今までの2つの公案と違って、見当もつきません。また、聖人の真実についての本を手に入れて、いつものベンチで向き合います。難解な本を読み進めるのですが、なんとなくわかるようで解りません。当たり前のことなのでしょう。その本にも「真実は人によって違う」と書いてあります。聖人の言う真実と、私の言う真実とは違って当たり前なのでしょう。本を読んでわかるはずがありません。また、3ヶ月の格闘が始まりました。
静寂を体験して、ちょうど3ヶ月目位だったと思います。いつものベンチに座り、瞑想をしようと目を閉じた瞬間のことでした。
体中の毛穴という毛穴から、答えが染み込んできたのです。表現がおかしいですよね。しかし、そう表現するしかないのです。乾いたスポンジに水が吸い込まれるように、答えがジワッと染み込んできたのです。

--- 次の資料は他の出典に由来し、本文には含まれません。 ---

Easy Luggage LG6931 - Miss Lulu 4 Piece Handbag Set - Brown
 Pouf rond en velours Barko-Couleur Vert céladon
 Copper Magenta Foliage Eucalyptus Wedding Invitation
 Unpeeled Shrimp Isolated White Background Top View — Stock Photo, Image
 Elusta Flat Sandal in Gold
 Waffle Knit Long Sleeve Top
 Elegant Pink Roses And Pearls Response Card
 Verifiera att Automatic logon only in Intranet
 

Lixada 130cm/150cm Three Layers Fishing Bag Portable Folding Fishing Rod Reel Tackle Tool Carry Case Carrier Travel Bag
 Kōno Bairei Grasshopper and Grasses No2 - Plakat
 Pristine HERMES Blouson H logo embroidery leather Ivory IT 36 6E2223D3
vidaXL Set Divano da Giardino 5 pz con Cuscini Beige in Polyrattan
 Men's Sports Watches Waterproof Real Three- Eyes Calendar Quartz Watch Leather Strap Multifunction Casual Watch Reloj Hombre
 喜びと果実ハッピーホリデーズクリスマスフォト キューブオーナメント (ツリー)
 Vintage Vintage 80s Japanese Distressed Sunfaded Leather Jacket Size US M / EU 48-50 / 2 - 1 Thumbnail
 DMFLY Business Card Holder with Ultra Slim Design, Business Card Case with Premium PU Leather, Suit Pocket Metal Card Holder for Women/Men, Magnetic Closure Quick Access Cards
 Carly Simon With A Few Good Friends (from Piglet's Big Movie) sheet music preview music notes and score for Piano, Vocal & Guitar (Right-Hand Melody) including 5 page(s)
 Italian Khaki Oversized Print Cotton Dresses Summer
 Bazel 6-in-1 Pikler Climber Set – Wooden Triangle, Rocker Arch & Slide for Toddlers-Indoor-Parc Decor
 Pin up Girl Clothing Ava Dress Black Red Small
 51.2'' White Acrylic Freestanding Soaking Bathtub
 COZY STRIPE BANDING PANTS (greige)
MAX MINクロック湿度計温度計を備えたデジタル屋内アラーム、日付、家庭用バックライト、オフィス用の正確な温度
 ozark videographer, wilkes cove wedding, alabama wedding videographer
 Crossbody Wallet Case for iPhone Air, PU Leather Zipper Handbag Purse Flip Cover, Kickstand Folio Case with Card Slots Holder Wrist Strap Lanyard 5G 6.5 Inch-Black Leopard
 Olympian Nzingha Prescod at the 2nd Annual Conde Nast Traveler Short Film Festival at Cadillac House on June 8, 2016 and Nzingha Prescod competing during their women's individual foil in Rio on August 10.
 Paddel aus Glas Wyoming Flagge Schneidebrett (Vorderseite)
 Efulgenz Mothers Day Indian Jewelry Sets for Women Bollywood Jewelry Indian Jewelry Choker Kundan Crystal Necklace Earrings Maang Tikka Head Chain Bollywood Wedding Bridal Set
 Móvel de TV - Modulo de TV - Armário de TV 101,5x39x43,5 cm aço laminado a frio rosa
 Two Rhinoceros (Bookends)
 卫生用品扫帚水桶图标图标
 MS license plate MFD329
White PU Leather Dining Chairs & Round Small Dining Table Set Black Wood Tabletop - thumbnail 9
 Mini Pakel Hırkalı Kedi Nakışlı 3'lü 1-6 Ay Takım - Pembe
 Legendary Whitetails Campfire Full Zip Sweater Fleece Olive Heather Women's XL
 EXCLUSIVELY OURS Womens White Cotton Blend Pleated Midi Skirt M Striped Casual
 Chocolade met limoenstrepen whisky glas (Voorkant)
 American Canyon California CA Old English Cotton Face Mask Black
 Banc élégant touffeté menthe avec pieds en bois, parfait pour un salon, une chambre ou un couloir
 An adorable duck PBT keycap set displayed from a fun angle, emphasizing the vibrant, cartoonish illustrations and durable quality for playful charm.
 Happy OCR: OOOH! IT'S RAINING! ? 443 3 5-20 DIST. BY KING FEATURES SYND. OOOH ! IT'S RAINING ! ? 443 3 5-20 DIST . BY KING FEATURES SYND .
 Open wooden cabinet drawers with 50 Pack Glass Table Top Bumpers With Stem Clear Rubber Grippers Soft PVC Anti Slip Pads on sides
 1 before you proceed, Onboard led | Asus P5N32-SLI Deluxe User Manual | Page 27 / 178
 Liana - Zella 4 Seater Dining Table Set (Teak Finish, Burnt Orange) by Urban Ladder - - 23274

そして、目を開いた瞬間「そこに石ころがある。そこに草が生えている。それが真実だ」と、威厳に満ちた声が入ってきたのです。
言葉にすると、当たり前のことなんですが、その当たり前の答えが、毛穴という毛穴から、体の奥底に向かって染み込んできたのです。
その時、二度目の静寂が訪れました。静寂の中に真実が染み入っていく感覚です。水面は静まり返り、夜の木々と月を映しています。目から鱗が落ちると言いますが、それよりは「目が開いた」と言う表現が適切です。
まさしく「そこに石ころがある。草が生えてる」のです。